DATA EXCERPTS:
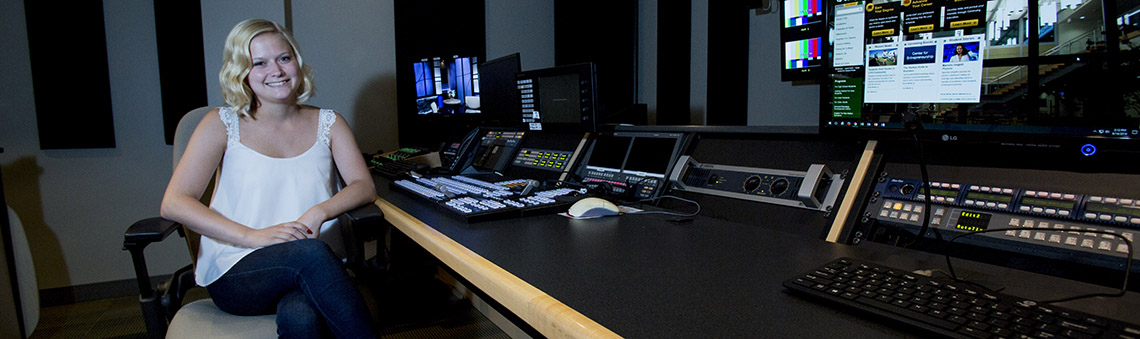 student sitting at a control board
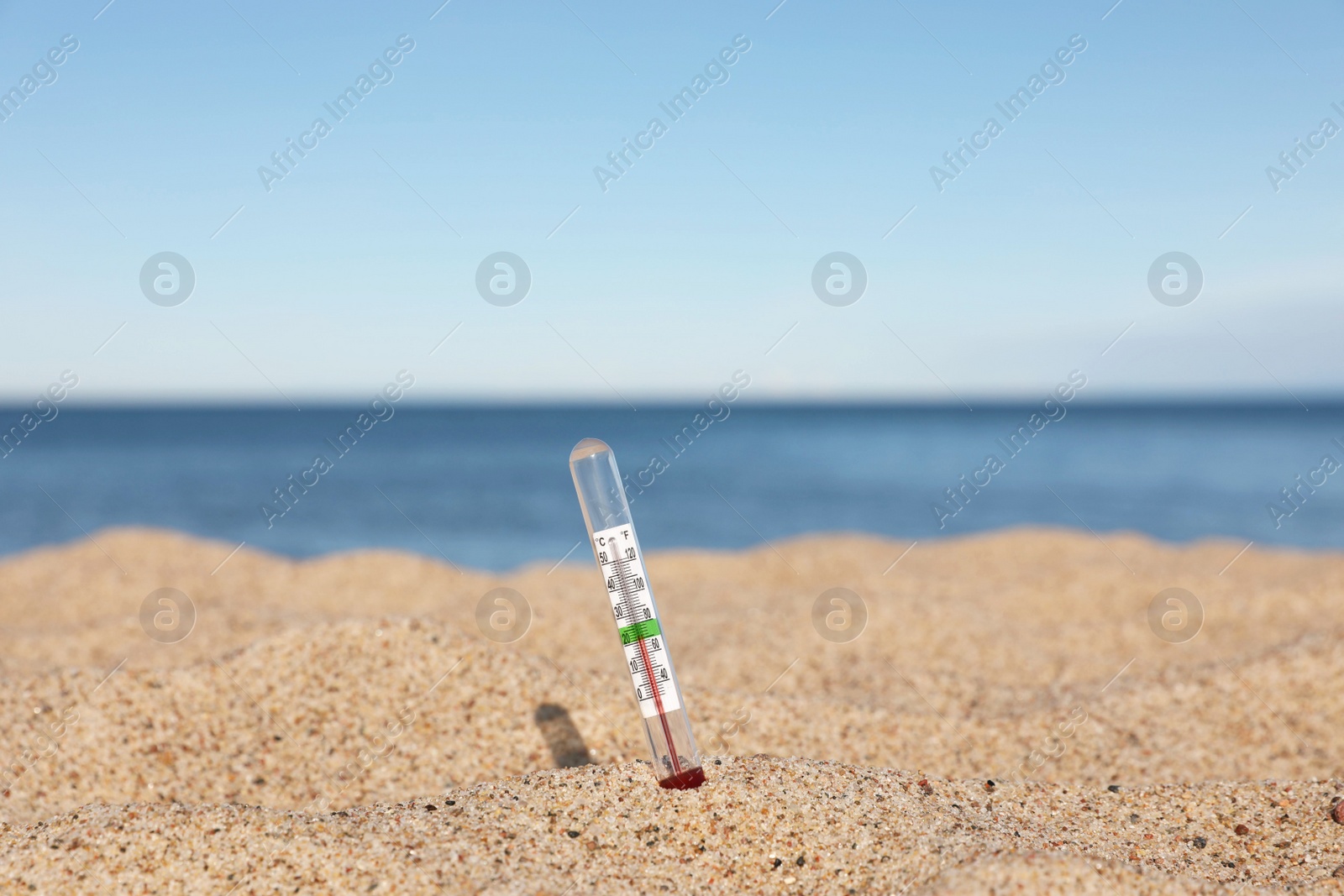 Photo of Weather thermometer in sand near sea, space for text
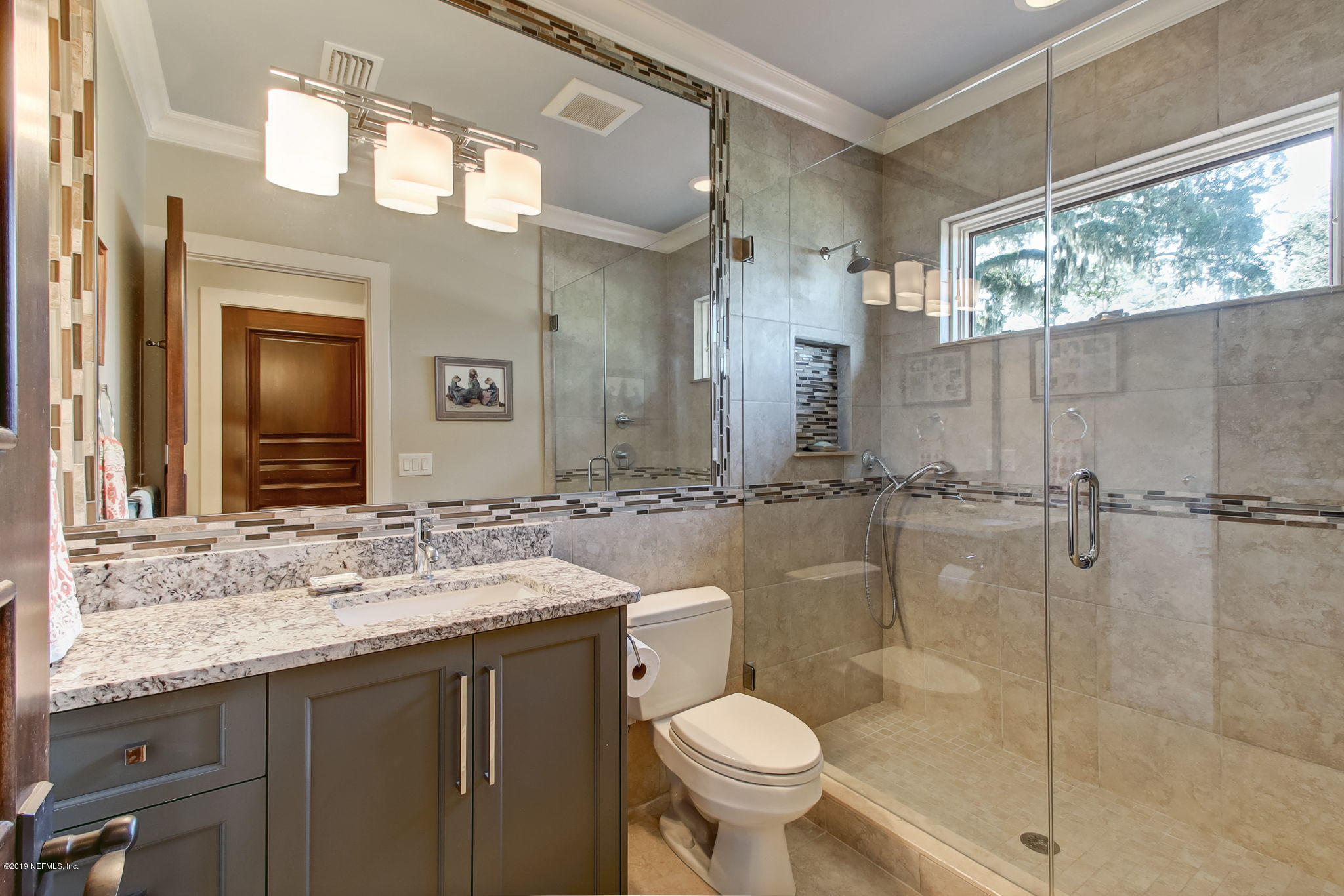 1895 Bishop Estates Road Jacksonville, FL 32259 - Photo 42 of 102 a bathroom with a granite countertop sink toilet and shower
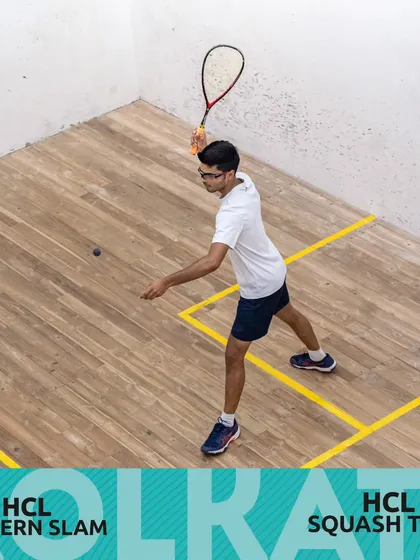 A player demonstrating perfect form and court positioning during a competitive match at the HCL Squash Tour in Kolkata.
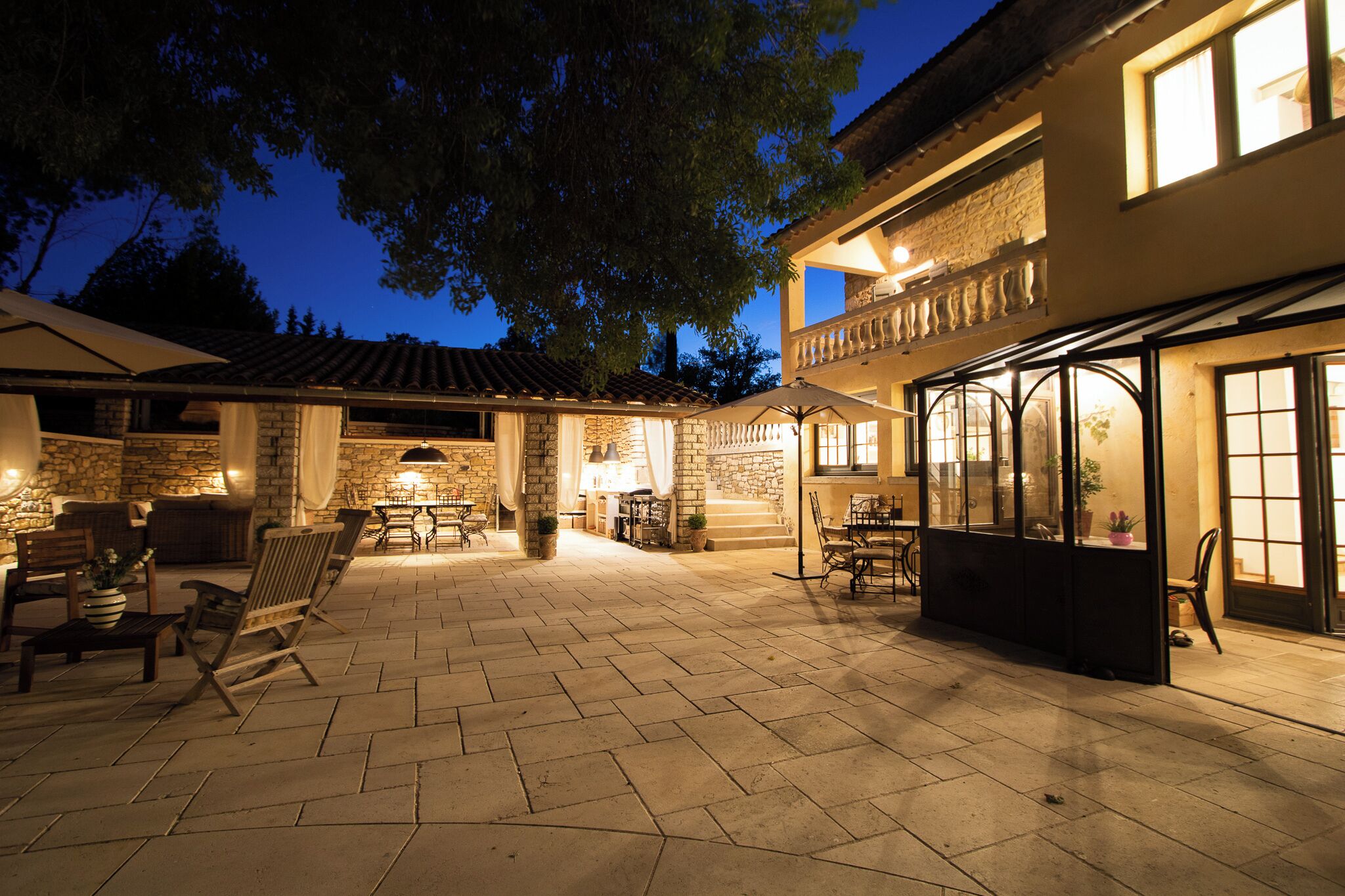 Un patio con suelo de piedra, mobiliario exterior y cerramiento de vidrio.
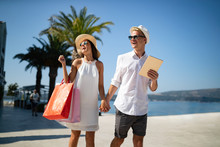 Couple On Summer Vacation Enjoying Travel And Shopping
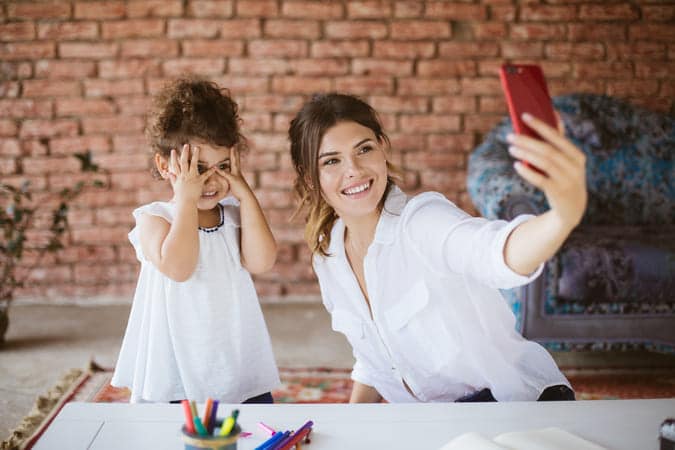 mother taking a photo together with her daughter.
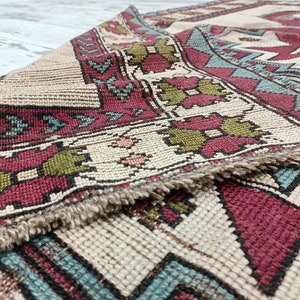 May include: Close-up of a beige, red, green, and blue patterned rug with a fringe border.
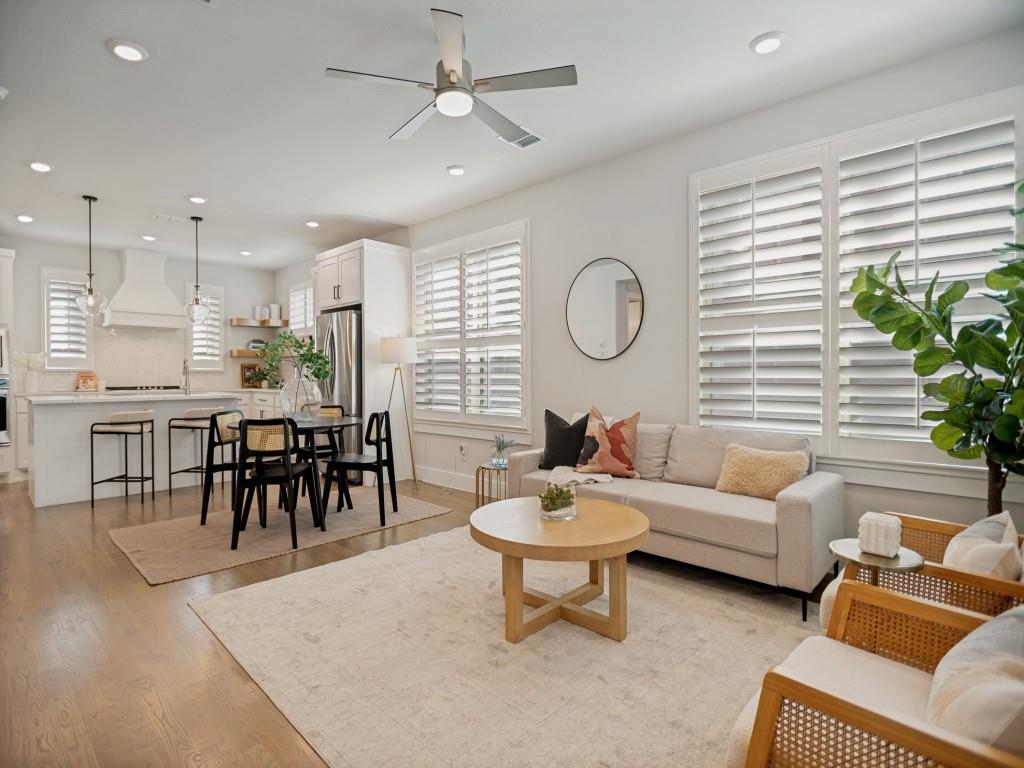 Impeccably maintained, stunning corner-unit townhome offers four levels of sophisticated living with unobstructed downtown Dallas skyline views. With a low monthly HOA, this lock-and-leave residence combines luxury, convenience, and exceptional value.
The main living level features an open-concept design filled with natural light, highlighted by a beautiful brick fireplace and a chef's kitchen complete with like-new LG appliances, a 5-burner gas cooktop, custom vent hood, walk-in pantry, oversized island, and designer herringbone tile backsplash. Plantation shutters throughout the home add timeless style and privacy.
The third floor hosts a spacious primary suite with a walk-in closet and spa-inspired bath, while the secondary bedroom features its own ensuite bath and serves perfectly as a guest suite, nursery, or private home office.
Designed for entertaining, the fourth-floor bonus room includes a dedicated dry bar area with space for a wine refrigerator, custom cabinetry, and shelving. Step outside to the oversized rooftop terrace where you'll enjoy breathtaking, unobstructed views of the Dallas skyline along with additional rooftop storage.
Additional highlights include a private attached two-car garage, mudroom entry, video security system, and a prime location just minutes from Downtown Dallas, Lower Greenville, Knox-Henderson, and some of the city's best dining, shopping, and entertainment. This exceptional home truly feels like new construction without the wait.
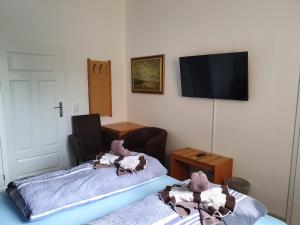 a room with two beds and a flat screen tv at Hotel Domke Haus an der See in Bansin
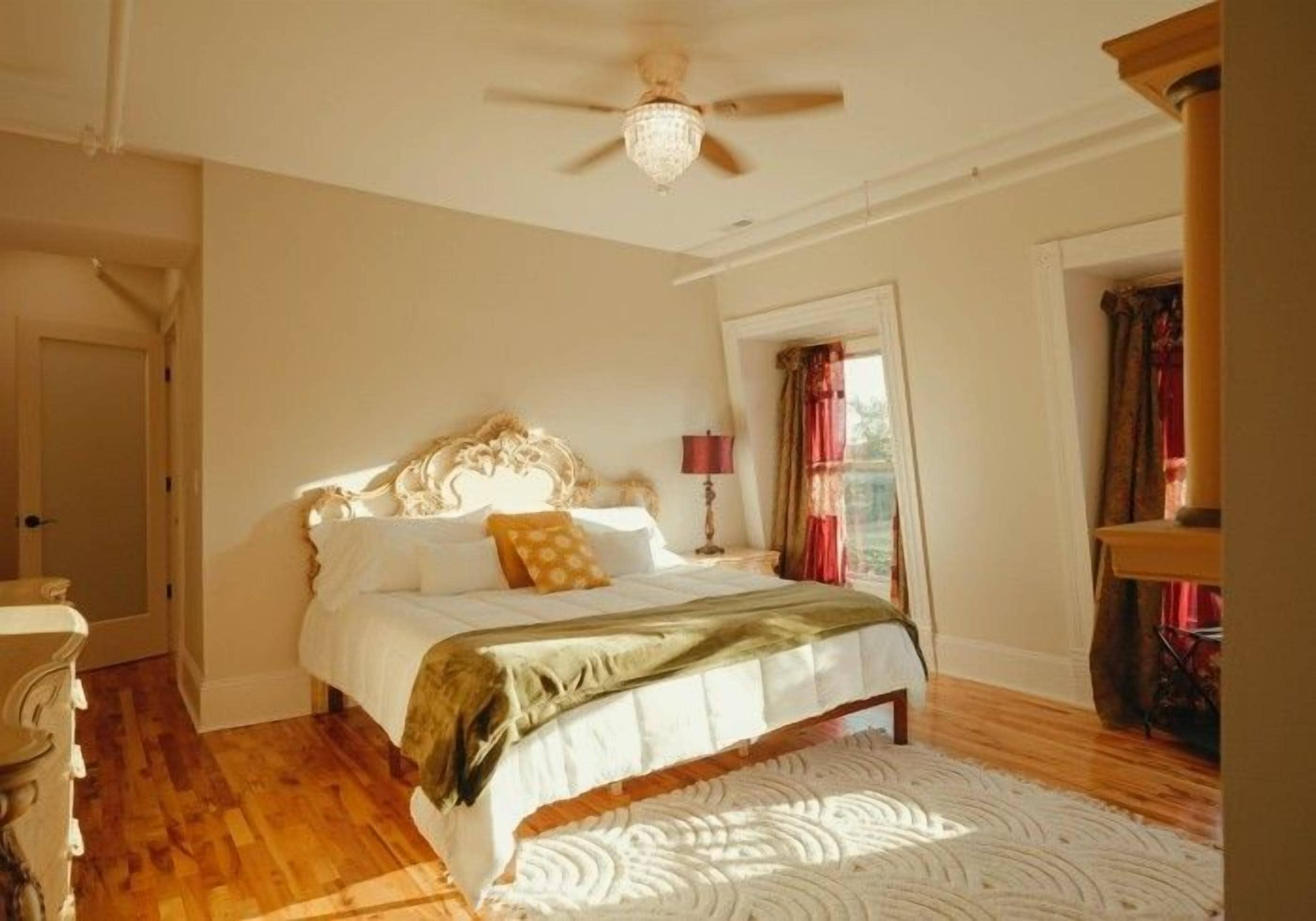 A bedroom with a bed, a ceiling fan, a window with curtains, and a wooden floor.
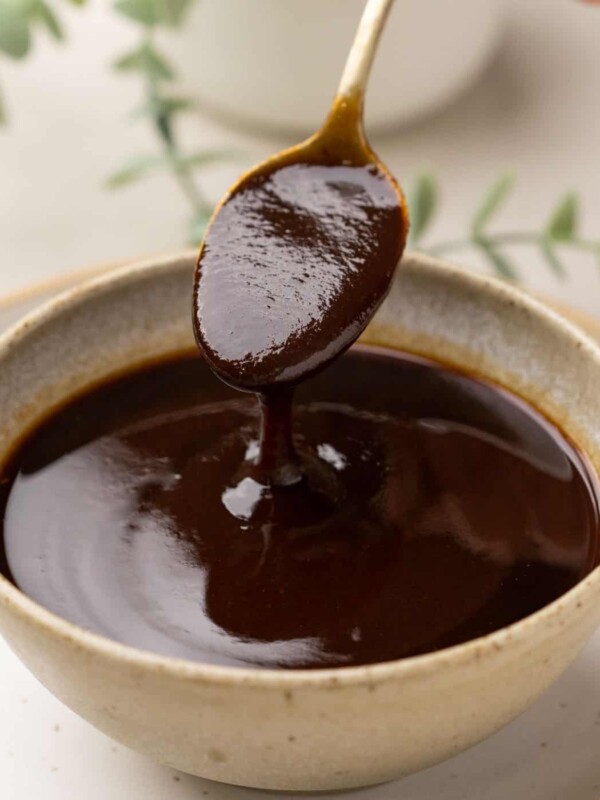 Tamarind Chutney being poured from a spoon into a bowl to show the texture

YOUR OBJECTIVE: Return a verbatim transcription of the data, omitting all images.

SOLUTION:
 student sitting at a control board
 Photo of Weather thermometer in sand near sea, space for text
 1895 Bishop Estates Road Jacksonville, FL 32259 - Photo 42 of 102 a bathroom with a granite countertop sink toilet and shower
 A player demonstrating perfect form and court positioning during a competitive match at the HCL Squash Tour in Kolkata.
 Un patio con suelo de piedra, mobiliario exterior y cerramiento de vidrio.
 Couple On Summer Vacation Enjoying Travel And Shopping
 mother taking a photo together with her daughter.
 May include: Close-up of a beige, red, green, and blue patterned rug with a fringe border.
 Impeccably maintained, stunning corner-unit townhome offers four levels of sophisticated living with unobstructed downtown Dallas skyline views. With a low monthly HOA, this lock-and-leave residence combines luxury, convenience, and exceptional value.
The main living level features an open-concept design filled with natural light, highlighted by a beautiful brick fireplace and a chef's kitchen complete with like-new LG appliances, a 5-burner gas cooktop, custom vent hood, walk-in pantry, oversized island, and designer herringbone tile backsplash. Plantation shutters throughout the home add timeless style and privacy.
The third floor hosts a spacious primary suite with a walk-in closet and spa-inspired bath, while the secondary bedroom features its own ensuite bath and serves perfectly as a guest suite, nursery, or private home office.
Designed for entertaining, the fourth-floor bonus room includes a dedicated dry bar area with space for a wine refrigerator, custom cabinetry, and shelving. Step outside to the oversized rooftop terrace where you'll enjoy breathtaking, unobstructed views of the Dallas skyline along with additional rooftop storage.
Additional highlights include a private attached two-car garage, mudroom entry, video security system, and a prime location just minutes from Downtown Dallas, Lower Greenville, Knox-Henderson, and some of the city's best dining, shopping, and entertainment. This exceptional home truly feels like new construction without the wait.
 a room with two beds and a flat screen tv at Hotel Domke Haus an der See in Bansin
 A bedroom with a bed, a ceiling fan, a window with curtains, and a wooden floor.
 Tamarind Chutney being poured from a spoon into a bowl to show the texture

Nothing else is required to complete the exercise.